Les malheurs de Carole - Chp 3 - Chapitre 3



Voici le 3ème et dernier chapitre, pour l’instant, des "Malheurs de Carole". Les vacances m’ont donné le temps de fixer la trame du chp suivant, mais je manque de temps pour le rédiger seul. Celui ou celle qui souhaite participer à la rédaction de la suite peut me contacter par ma boite mel: histoirescoquines@yahoo.fr

Chapitre 3: Au parloir

1ère visite

Un mois s’est écoulé.

Un mois de brimades, de contraintes, de frustrations surtout. Des le début de mon incarcération j’avais été mis au régime le plus dur, celui réservé aux jeunes femmes rebelles, afin de les soumettre définitivement. J’étais menottée jour et nuit. Le jour les chaînes qui m’entravaient étaient assez longues pour me permettre de travailler. Mais la nuit, j’étais menottée dans le dos, et de plus, enchaînée par le cou au montant métallique de mon lit, ceci afin que je ne puisse me retourner à plat ventre. Le but était évidemment que je ne puisse me procurer aucune caresse, même en me frottant contre les couvertures.

Depuis un mois, j’étais donc dans l’abstinence totale, privée de la moindre douceur, du moindre câlin, me fussent-t-ils procuré par moi même.

Privée de plaisir, mais pas de tentations.

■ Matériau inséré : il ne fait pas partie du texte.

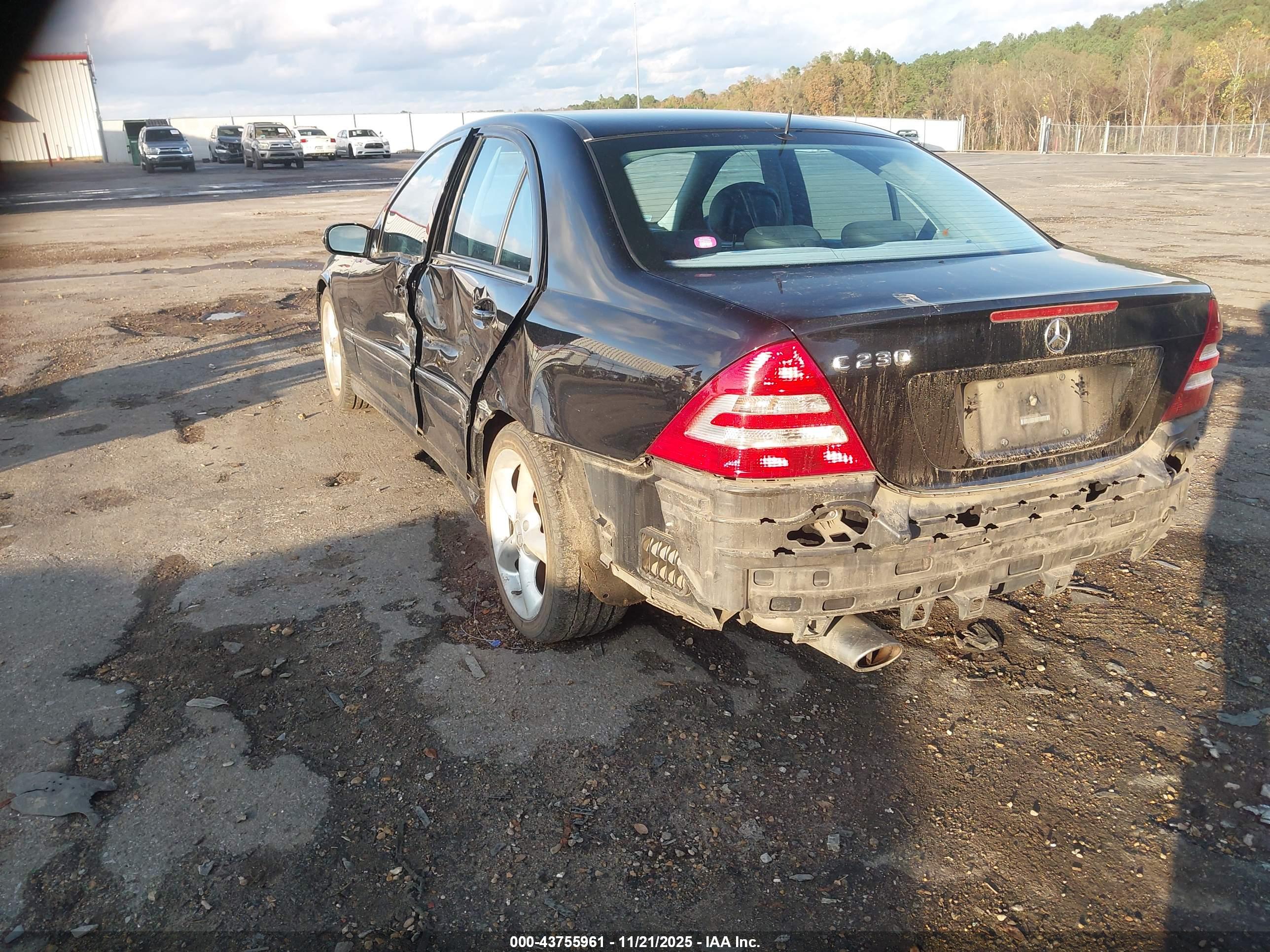 MERCEDES-BENZ C image 6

Douze heures par jour, je devais, avec mes compagnes d’infortune, manipuler des godemichés, vibromasseurs et autres phallus destinés à la vente par correspondance. Ces objets m’obsédaient littéralement, tellement j’avais envie d’en profiter. Il y avait aussi cet aphrodisiaque qui était mêlé à notre nourriture et dont les doses étaient doublées pour celles qui étaient au régime spécial, comme moi. Il y avait enfin les attouchements fréquents que les gardiennes me prodiguaient, sans vraiment s’en cacher. C’était le soir surtout, ou après la douche, que j’étais la proie facile de leur lubricité. Entravée, contrainte au silence, je ne pouvais que subir leur caresses impudiques, qu’elles prenaient soin toutefois d’arrêter des qu’elles sentaient mon plaisir devenir trop fort. C’était un véritable supplice qui durait ensuite toute la nuit, me tenant éveillée des heures, le corps en feu, torturée par un désir qu’il m’était impossible d’assouvir.

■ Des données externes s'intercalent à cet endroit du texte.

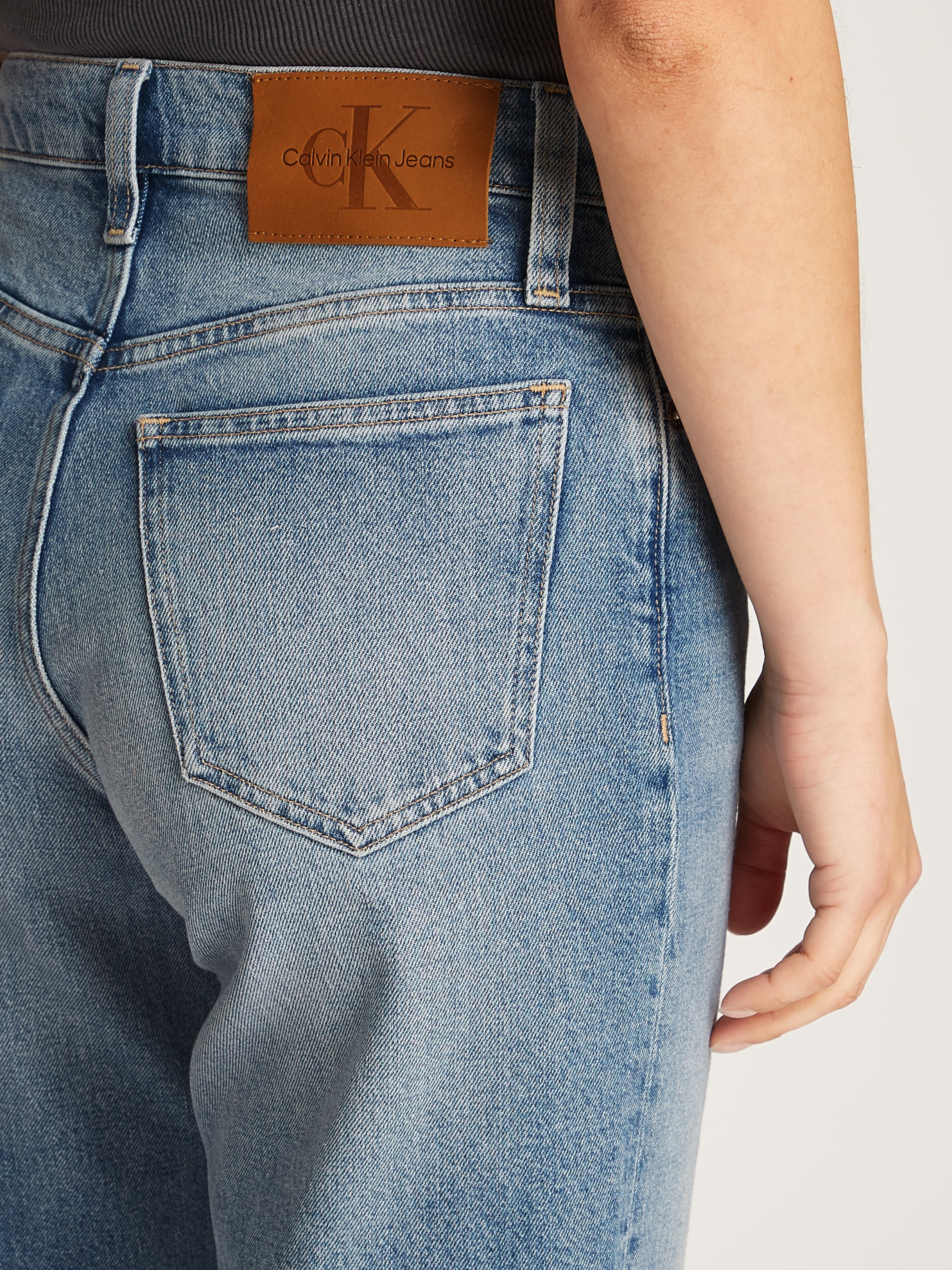 Calvin Klein Jeans Mom-Jeans »MOM JEAN«, mit offener Knopfleiste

Un matin, une gardienne m’apprit qu’à midi, j’aurai « un parloir ». Pour la première fois depuis mon arrivée à la prison j’allais donc avoir une visite.

« Fais-toi belle pour la circonstance » me dit sentencieusement la gardienne. Je fus exceptionnellement dispensé d’atelier ce matin là. Après une douche et un rasage soigneux du pubis, comme l’exigeait le règlement, je fus autorisée à mettre mes vêtements « civils », ceux que je portais en arrivant ici.

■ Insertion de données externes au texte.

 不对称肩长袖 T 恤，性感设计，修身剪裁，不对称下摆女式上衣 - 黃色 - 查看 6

Je retrouvais donc avec plaisir mon petit chemisier blanc. Comme je cherchais mon soutien gorge, la gardienne me dit ironiquement qu’il avait disparu. C’est donc sur ma poitrine nue que je boutonnais soigneusement mon chemisier. Mes seins pointaient sous la soie légère à demi transparente, et je me sentais assez impudique, mais je n’avais pas le choix. Puis j’enfilais ma jupe. Ma petite culotte avait aussi mystérieusement disparue, et je dus l’enfiler à même la peau. Et j’eu encore la surprise de constater qu’on l’avait, par un grand ourlet, raccourcie de quinze bons centimètres, ce qui la ramenait à mi cuisse.Certes, bien des jeunes femmes sont habillées ainsi. Mais dans cette prison, après un mois d’un uniforme assez insipide, je me sentais tout d’un coup séduisante et désirable, et je commençais à être bizarrement excitée.

Mais la gardienne n’en avait pas fini avec les préparatifs. Contrairement à d’habitude, où j’étais simplement menottée, elle me lia les avants bras très serrés dans le dos à l’aide d’une corde. Puis, elle dégrafa mon chemisier pour laisser apparaître mes seins. Elle passa plusieurs fois les liens autour de mon buste, par dessus et en dessous des seins, et avec ce qui restait de corde, le passant sur les épaules, elle sépara ma poitrine. Enfin elle enserra étroitement ma taille à l’aide d’une autre corde.

Pourquoi me ligotait-on de la sorte ? J’eu rapidement la réponse :

« Ce n’est pas parce que tu n’as plus (provisoirement, me fut-il précisé) d’uniforme qu’il faut te sentir libre. Tu subis une peine, ne l’oublie pas ! »

Mais pouvais-je l’oublier ?

C’était donc une humiliation supplémentaire. Et destiné à m’exciter davantage, car comment pouvais-je rester insensible d’être ainsi offerte, les seins nus comprimés, dressés, offerts, étroitement prisonnière de la corde, sans culotte sous une jupe très courte ? J’ai du traverser ainsi tout l’atelier sous les regards de mes compagnes, et après un long couloir, arriver enfin au parloir. J’ignorais toujours de qui j’allais avoir la visite, et intérieurement je priais pour que ce ne sois pas quelqu’un de ma famille. Vous imaginez ma belle mère, mon père ou mon frère me voyant ainsi ? Je ne m’en remettrai jamais !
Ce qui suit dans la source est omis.